Rogers Matthew B, Song Timothy, Sebra Robert, Greenbaum Benjamin D, Hamelin Marie-Eve, Fitch Adam, Twaddle Alan, Cui Lijia, Holmes Edward C, Boivin Guy, Ghedin Elodie
Department of Computational and Systems Biology, University of Pittsburgh School of Medicine, Pittsburgh, Pennsylvania, USA.
Institute for Genomics and Multiscale Biology, Icahn School of Medicine at Mount Sinai, New York, New York, USA.
mBio. 2015 Apr 7;6(2):e02464-14. doi: 10.1128/mBio.02464-14.

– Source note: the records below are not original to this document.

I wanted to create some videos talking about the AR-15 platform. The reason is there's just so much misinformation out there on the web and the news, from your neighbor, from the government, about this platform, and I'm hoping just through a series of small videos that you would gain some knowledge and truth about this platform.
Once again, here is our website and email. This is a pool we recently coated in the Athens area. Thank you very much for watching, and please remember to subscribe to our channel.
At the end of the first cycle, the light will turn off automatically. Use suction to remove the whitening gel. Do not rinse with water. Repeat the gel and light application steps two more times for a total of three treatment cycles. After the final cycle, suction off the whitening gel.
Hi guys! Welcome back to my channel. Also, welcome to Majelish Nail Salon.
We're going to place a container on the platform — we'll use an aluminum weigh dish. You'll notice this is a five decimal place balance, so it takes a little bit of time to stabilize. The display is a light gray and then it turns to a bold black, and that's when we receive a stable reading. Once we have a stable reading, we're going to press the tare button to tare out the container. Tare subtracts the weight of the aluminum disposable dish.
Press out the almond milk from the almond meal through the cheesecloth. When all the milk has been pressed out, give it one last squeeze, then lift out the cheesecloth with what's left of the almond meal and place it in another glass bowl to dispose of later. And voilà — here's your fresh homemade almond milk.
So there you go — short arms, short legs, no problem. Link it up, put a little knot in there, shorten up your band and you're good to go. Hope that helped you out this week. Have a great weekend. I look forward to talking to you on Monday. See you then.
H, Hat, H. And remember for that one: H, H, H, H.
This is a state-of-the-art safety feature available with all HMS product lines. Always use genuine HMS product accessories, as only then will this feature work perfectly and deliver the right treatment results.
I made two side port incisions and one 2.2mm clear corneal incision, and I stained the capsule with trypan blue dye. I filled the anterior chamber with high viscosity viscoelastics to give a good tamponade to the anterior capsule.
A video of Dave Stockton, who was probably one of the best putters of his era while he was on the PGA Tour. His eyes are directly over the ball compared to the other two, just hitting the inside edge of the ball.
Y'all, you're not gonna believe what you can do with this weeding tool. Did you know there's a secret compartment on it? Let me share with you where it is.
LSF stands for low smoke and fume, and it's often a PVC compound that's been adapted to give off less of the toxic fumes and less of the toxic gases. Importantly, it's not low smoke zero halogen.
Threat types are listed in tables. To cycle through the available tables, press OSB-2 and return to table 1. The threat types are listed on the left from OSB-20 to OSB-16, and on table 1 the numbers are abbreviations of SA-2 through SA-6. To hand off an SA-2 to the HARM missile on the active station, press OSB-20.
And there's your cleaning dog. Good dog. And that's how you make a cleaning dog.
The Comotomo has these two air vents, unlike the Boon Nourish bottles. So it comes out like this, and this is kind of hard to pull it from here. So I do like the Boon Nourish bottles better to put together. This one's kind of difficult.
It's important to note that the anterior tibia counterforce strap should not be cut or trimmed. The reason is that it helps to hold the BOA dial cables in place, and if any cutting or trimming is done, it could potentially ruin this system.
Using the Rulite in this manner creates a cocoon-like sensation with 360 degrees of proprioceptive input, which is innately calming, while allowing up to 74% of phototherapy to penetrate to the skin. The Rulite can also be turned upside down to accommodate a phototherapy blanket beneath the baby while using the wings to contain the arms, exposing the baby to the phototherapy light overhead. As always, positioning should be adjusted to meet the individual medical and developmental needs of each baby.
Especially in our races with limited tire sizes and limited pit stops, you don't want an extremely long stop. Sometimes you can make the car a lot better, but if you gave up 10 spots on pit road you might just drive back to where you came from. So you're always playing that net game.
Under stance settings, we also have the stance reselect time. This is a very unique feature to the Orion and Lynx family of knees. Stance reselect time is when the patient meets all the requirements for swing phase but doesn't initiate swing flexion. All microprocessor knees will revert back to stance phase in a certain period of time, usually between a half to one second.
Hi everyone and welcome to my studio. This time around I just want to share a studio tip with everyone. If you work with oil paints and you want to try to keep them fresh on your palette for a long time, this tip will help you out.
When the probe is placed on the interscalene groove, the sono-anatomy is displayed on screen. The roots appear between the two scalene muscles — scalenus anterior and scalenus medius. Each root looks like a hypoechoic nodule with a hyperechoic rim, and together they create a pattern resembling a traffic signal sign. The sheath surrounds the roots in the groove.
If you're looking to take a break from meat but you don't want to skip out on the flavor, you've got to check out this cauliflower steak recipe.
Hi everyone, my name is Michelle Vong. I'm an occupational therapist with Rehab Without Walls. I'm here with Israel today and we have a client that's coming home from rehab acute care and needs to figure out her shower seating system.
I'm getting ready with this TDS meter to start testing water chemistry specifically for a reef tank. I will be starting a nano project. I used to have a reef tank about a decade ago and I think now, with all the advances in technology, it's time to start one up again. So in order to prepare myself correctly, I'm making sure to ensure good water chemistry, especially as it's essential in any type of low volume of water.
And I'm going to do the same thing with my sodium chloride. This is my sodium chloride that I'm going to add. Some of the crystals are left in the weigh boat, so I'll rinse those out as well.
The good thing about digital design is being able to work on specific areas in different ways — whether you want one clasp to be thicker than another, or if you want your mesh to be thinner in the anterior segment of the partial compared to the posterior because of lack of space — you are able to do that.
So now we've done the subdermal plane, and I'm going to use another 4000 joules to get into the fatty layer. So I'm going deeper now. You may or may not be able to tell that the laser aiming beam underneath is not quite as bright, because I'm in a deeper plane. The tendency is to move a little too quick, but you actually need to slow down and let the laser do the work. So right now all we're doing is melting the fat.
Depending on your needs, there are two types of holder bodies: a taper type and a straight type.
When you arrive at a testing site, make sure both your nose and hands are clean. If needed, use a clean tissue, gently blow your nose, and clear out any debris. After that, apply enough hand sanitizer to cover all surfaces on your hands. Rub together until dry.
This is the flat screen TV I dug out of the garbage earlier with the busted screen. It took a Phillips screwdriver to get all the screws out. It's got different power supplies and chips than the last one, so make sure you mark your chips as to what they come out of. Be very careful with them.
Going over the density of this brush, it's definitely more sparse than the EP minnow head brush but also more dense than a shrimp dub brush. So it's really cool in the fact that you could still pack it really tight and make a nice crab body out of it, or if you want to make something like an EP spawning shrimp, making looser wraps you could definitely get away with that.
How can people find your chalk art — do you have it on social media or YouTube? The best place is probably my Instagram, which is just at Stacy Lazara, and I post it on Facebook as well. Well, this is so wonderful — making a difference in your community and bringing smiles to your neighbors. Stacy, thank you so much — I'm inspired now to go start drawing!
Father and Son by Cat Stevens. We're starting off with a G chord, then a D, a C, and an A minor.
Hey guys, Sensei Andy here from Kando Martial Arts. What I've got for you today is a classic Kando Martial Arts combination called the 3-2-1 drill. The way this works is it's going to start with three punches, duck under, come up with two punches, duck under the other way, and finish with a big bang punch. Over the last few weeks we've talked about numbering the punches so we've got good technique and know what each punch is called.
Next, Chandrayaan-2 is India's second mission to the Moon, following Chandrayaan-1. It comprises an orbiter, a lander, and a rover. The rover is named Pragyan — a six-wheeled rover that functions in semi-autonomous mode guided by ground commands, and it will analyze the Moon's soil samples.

Resistance following antiviral therapy is commonly observed in human influenza viruses. Although this evolutionary process is initiated within individual hosts, little is known about the pattern, dynamics, and drivers of antiviral resistance at this scale, including the role played by reassortment. In addition, the short duration of human influenza virus infections limits the available time window in which to examine intrahost evolution. Using single-molecule sequencing, we mapped, in detail, the mutational spectrum of an H3N2 influenza A virus population sampled from an immunocompromised patient who shed virus over a 21-month period. In this unique natural experiment, we were able to document the complex dynamics underlying the evolution of antiviral resistance. Individual resistance mutations appeared weeks before they became dominant, evolved independently on cocirculating lineages, led to a genome-wide reduction in genetic diversity through a selective sweep, and were placed into new combinations by reassortment. Notably, despite frequent reassortment, phylogenetic analysis also provided evidence for specific patterns of segment linkage, with a strong association between the hemagglutinin (HA)- and matrix (M)-encoding segments that matches that previously observed at the epidemiological scale. In sum, we were able to reveal, for the first time, the complex interaction between multiple evolutionary processes as they occur within an individual host.
Understanding the evolutionary forces that shape the genetic diversity of influenza virus is crucial for predicting the emergence of drug-resistant strains but remains challenging because multiple processes occur concurrently. We characterized the evolution of antiviral resistance in a single persistent influenza virus infection, representing the first case in which reassortment and the complex patterns of drug resistance emergence and evolution have been determined within an individual host. Deep-sequence data from multiple time points revealed that the evolution of antiviral resistance reflects a combination of frequent mutation, natural selection, and a complex pattern of segment linkage and reassortment. In sum, these data show how immunocompromised hosts may help reveal the drivers of strain emergence.
抗病毒治疗后的耐药性在人类流感病毒中普遍存在。尽管这一进化过程在个体宿主内启动,但在这个尺度上,人们对抗病毒耐药性的模式、动态和驱动因素了解甚少,包括重配所起的作用。此外,人类流感病毒感染的持续时间较短,限制了研究宿主内进化的可用时间窗口。我们使用单分子测序技术,详细绘制了从一名免疫功能低下患者体内分离出的H3N2甲型流感病毒群体的突变谱,该患者在21个月的时间里持续排出病毒。在这个独特的自然实验中,我们能够记录抗病毒耐药性进化背后的复杂动态。个体耐药性突变在成为优势突变前数周就已出现,在同时传播的谱系中独立进化,通过选择性清除导致全基因组遗传多样性降低,并通过重配进入新的组合。值得注意的是,尽管频繁发生重配,但系统发育分析也为片段连锁的特定模式提供了证据,血凝素(HA)编码片段和基质(M)编码片段之间存在强关联,这与之前在流行病学尺度上观察到的情况相符。总之,我们首次揭示了多个进化过程在个体宿主内发生时的复杂相互作用。
了解塑造流感病毒遗传多样性的进化力量对于预测耐药菌株的出现至关重要,但由于多个过程同时发生,这仍然具有挑战性。我们对单一持续性流感病毒感染中的抗病毒耐药性进化进行了表征,这是首次在个体宿主内确定重配以及耐药性出现和进化的复杂模式。来自多个时间点的深度测序数据表明,抗病毒耐药性的进化反映了频繁突变、自然选择以及片段连锁和重配的复杂模式的组合。总之,这些数据表明免疫功能低下的宿主可能有助于揭示菌株出现的驱动因素。